Nominated thrice for a Pushcart price, he was honored by the National Council of Teachers of English and Annenberg CPB for his writing in 2003. In 2009 he was honored by the City of Berkeley for his writing, art, teaching, activism for social justice & peace. He received the 2012 Dragonfly Press Award for Outstanding Literary Achievement. His work may be read at http://rjgonzalez.blogspot.com/



Raúl Sánchez, conducts workshops on The Day of the Dead. His most recent work is the translation of John Burgess’ Punk Poems in his book Graffito. His inaugural collection "All Our Brown-Skinned Angels" is filled with poems of cultural identity, familial, a civil protest, personal celebration, completely impassioned and personal. http://beyondaztlan.com and http://moonpathpress.com

2 comments:

  1. Let me begin by saying that although I have had some uncomfortable moments with Martin’s poetry, like his poem to the victims of the World Trade Center, I believe that this interview with Moyers is a high point for American Minority literature.

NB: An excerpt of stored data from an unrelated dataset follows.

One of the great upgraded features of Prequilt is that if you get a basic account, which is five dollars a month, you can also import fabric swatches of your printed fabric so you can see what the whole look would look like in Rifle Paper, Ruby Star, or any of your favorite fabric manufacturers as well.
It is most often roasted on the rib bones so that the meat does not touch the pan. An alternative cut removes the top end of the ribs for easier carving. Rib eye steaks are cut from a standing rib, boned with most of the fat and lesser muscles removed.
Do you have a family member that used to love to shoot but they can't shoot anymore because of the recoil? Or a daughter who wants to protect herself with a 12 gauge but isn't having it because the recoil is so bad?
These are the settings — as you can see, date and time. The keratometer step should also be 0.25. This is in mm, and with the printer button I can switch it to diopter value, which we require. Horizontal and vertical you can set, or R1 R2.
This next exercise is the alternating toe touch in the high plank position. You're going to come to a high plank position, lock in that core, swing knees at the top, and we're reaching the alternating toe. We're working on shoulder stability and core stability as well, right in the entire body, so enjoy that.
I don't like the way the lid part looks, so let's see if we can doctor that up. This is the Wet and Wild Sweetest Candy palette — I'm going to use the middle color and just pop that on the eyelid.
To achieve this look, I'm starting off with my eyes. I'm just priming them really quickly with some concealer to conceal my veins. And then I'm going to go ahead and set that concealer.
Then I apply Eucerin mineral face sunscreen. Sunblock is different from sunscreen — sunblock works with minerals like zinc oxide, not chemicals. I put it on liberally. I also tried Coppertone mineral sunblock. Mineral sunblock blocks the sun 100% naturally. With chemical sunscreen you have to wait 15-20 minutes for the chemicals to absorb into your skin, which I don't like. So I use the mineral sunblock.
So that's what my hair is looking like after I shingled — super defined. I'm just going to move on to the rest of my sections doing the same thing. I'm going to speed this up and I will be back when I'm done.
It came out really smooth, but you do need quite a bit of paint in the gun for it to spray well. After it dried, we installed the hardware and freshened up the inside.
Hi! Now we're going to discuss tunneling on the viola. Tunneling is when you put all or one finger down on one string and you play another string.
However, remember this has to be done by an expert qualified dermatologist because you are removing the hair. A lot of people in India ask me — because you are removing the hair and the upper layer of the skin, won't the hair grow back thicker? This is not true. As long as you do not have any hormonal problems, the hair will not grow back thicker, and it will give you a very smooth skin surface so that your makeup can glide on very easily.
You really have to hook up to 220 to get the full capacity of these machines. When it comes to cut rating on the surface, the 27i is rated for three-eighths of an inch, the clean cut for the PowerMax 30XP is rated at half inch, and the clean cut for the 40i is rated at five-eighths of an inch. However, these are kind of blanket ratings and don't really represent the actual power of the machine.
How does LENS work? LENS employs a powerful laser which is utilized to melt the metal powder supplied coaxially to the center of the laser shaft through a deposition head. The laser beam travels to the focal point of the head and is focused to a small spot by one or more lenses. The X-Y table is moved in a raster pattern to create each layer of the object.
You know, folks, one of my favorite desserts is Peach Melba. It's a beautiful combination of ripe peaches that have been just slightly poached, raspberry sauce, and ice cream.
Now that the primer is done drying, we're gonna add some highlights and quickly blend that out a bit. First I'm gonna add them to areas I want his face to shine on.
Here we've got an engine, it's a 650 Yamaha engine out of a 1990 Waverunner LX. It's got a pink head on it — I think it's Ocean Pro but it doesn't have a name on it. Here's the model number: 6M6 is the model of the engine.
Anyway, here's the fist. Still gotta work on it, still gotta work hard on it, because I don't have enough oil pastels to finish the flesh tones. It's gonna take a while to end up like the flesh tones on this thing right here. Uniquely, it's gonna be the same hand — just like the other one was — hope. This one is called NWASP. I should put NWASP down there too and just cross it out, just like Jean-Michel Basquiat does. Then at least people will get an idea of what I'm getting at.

There is nothing in the interview with Moyers that makes me feel anything but admiration. Martin’s field is English Literature and mine is Latin America and Caribbean therefore we have a very different World view at times on a purely literary tradition. Meritorious as it is and highly commendable, if Bill Moyers would have interviewed a Puerto Rican born or raised on the island from the Diaspora—anyone—that would have been a highpoint in Puerto Rican and Latina/Latino letters. Martin is a an American poet born in New York who has had a life of privilege. My fellow poets from the Diaspora born and raised in Puerto Rico from the Diaspora and the Sexilio are part of Puerto Rican Literature and Latin American and Caribbean letters. Many have no jobs in academia, some have even died in poverty without recursos, some have been “framed”and persecuted. There is a difference between the Espada poets and the Diasporican Poets born and raised on the island and Sexilados. I am willing to sit down in a public forum and debate Martin on his assertions in this interview. His definition of “utopia” is misguided in terms of female Latina poetry. Set the date and place and I will travel there.

    Congratulations to him on his recent poetry award given to him as an American writer not a diasporican or a sexilado, which he is not the latter either.